* _Instructions for the task_
Set down exactly, and only, the lines from the one with "Dương vật giả" to the final line of the entries, both included.

Short web captions
--------------------

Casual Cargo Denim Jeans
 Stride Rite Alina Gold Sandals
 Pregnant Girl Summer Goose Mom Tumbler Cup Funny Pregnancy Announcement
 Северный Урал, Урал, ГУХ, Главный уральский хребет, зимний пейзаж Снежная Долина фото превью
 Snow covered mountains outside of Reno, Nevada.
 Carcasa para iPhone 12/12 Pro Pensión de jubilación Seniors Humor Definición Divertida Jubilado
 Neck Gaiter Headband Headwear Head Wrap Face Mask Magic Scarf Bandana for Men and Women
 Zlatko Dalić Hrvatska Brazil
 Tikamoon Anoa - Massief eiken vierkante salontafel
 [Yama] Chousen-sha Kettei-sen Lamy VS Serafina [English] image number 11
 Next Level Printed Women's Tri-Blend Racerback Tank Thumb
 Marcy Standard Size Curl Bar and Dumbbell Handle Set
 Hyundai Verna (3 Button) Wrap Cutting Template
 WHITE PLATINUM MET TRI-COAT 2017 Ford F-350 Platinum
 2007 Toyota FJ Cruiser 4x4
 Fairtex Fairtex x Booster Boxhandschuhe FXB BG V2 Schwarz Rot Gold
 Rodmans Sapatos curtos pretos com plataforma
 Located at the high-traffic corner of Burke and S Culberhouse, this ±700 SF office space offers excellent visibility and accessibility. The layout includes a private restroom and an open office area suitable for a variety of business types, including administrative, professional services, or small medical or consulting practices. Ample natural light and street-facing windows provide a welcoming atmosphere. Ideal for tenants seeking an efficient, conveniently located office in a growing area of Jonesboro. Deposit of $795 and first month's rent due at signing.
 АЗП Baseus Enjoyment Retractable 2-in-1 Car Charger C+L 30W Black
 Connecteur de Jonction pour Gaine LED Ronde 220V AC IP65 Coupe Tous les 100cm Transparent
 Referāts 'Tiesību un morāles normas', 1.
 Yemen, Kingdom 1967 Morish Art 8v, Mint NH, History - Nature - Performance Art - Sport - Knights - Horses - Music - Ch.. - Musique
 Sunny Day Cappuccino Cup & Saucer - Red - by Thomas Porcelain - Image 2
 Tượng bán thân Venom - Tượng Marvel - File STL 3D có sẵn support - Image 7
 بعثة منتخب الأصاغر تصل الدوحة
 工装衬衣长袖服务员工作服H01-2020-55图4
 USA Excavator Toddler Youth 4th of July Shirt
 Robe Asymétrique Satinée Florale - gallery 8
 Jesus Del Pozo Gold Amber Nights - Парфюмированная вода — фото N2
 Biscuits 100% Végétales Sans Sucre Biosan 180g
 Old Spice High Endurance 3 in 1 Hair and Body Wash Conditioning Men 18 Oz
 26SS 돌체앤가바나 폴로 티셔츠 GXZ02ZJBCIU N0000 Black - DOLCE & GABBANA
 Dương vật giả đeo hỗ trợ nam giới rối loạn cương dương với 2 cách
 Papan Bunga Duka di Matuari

--------------------

* _Response_
 Dương vật giả đeo hỗ trợ nam giới rối loạn cương dương với 2 cách
 Papan Bunga Duka di Matuari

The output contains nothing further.